On the 4th of June this year, the Federal Government suspended Twitter after the popular microblogging platform deleted a tweet by the President, Muhammadu Buhari. Consequently, Twitter was banned on the 5th of June, following a directive from the Nigerian Communications Commission.
The tweet had read, “Many of those misbehaving today are too young to be aware of the destruction and loss of lives that occurred during the Nigerian Civil War. Those of us in the fields for 30 months, who went through the war, will treat them in the language that they understand.” According to Twitter, the tweet went against the company’s policies and had to be taken down.
According to the Minister of Information and Culture – Lai Mohammed, Twitter was banned because it provided a medium for people threatening the corporate existence of Nigeria to thrive. He accused Twitter’s CEO; Jack Dorsey of helping to fund the recent #EndSars protest and said his platform failed to delete a tweet by the leader of the Indigenous People of Biafra (IPOB) that called for the killing of policemen.

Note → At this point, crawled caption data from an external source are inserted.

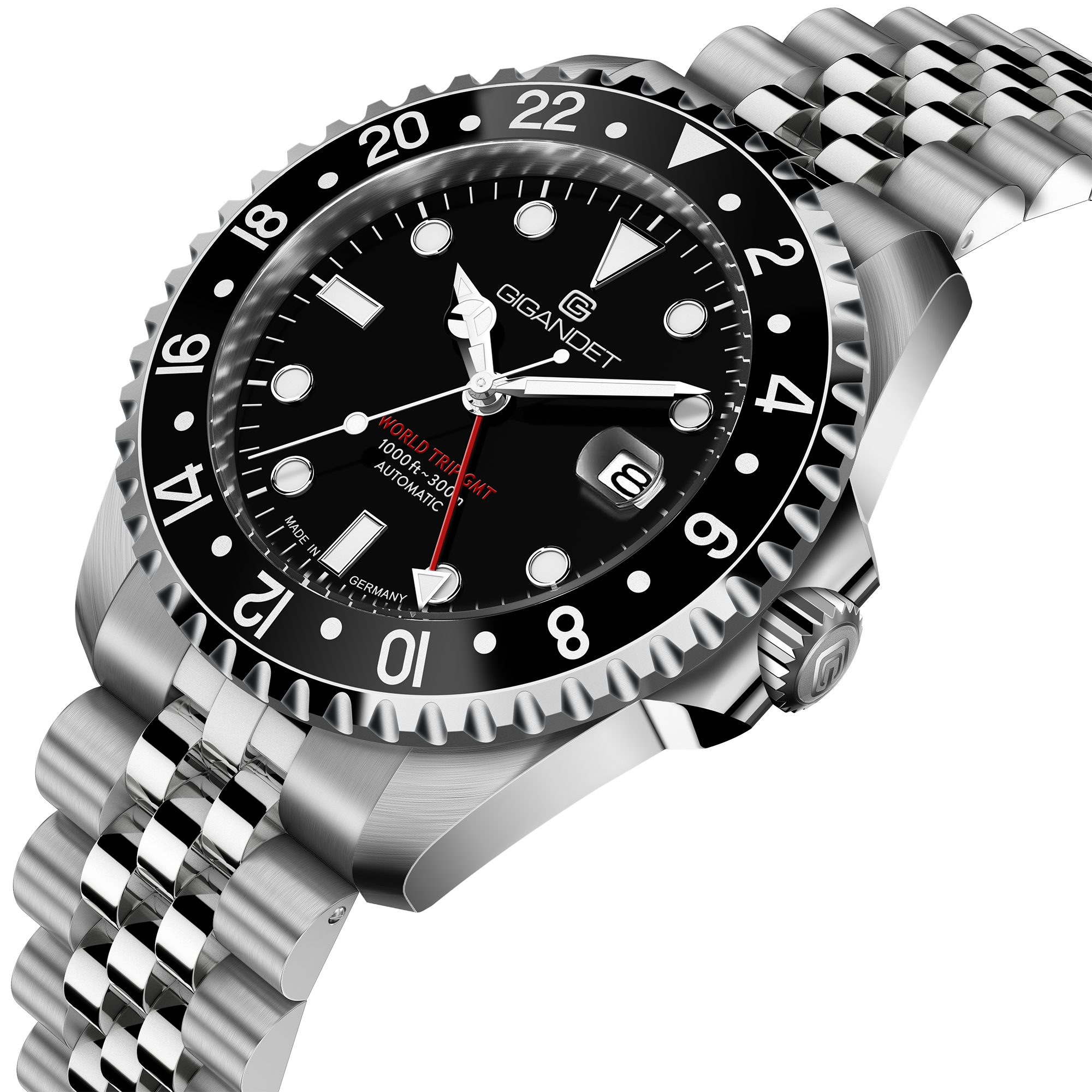 Gigandet Automatikuhr Made in Germany, Saphirglas, WORLD TRIP GMT - G1000-001M, GMT, Swiss SuperLuminova, verschraubtes Band
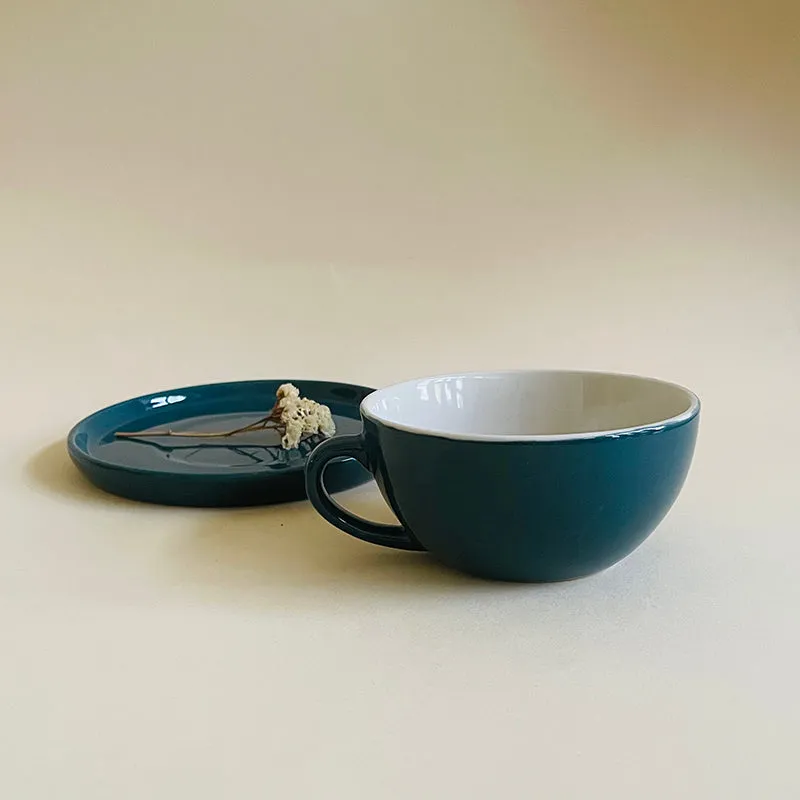 Elegant Green Ceramic Cup & Saucer (320 mL) - Two Piece Set media 3
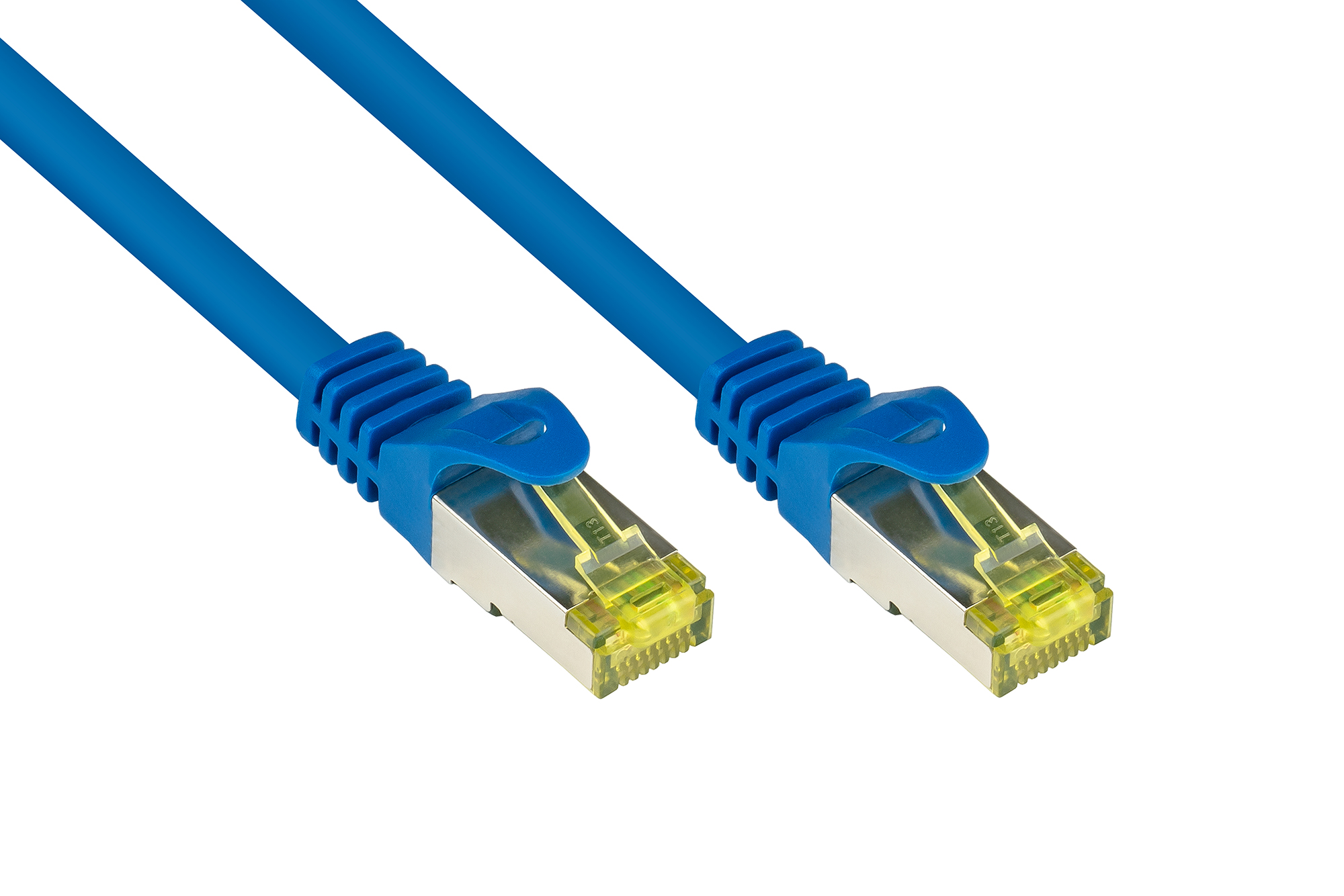 RJ45 Patchkabel mit Cat. 7 Rohkabel und Rastnasenschutz (RNS®), S/FTP, PiMF, halogenfrei, 500MHz, OFC, blau, 20m, Good Connections®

In just 10 days of the ban, newspaper reports and statistics showed that Nigeria had lost at least N24 billion naira, adding that the nation would continue to lose more revenue as the days go by if the decision remains unchanged. In 100 days of the ban, the loss now stands at N247.61 billion.
The incurred losses come as no surprise as Twitter is used by individuals, brands, businesses, organizations, etc., for different purposes that cut across communication, information dissemination, brand visibility, etc. About 40 million Nigerians use Twitter; 20 percent of which use the platform for business advertisement and about 18 percent of which use it to look for job opportunities. Putting a hold on Twitter meant a stop to the income of individuals, businesses, and the country as a whole.
With Twitter’s ban, Nigeria became a member of an exclusive list of countries such as China, Iran, and North Korea where Twitter is banned. And since the ban, the use of Virtual Private Networks has risen, as Nigerians tried to circumvent the ban. A virtual private network firm, ExpressVPN had said that it recorded an increase of over 200 percent in web traffic from Nigeria since the Federal Government banned the microblogging site.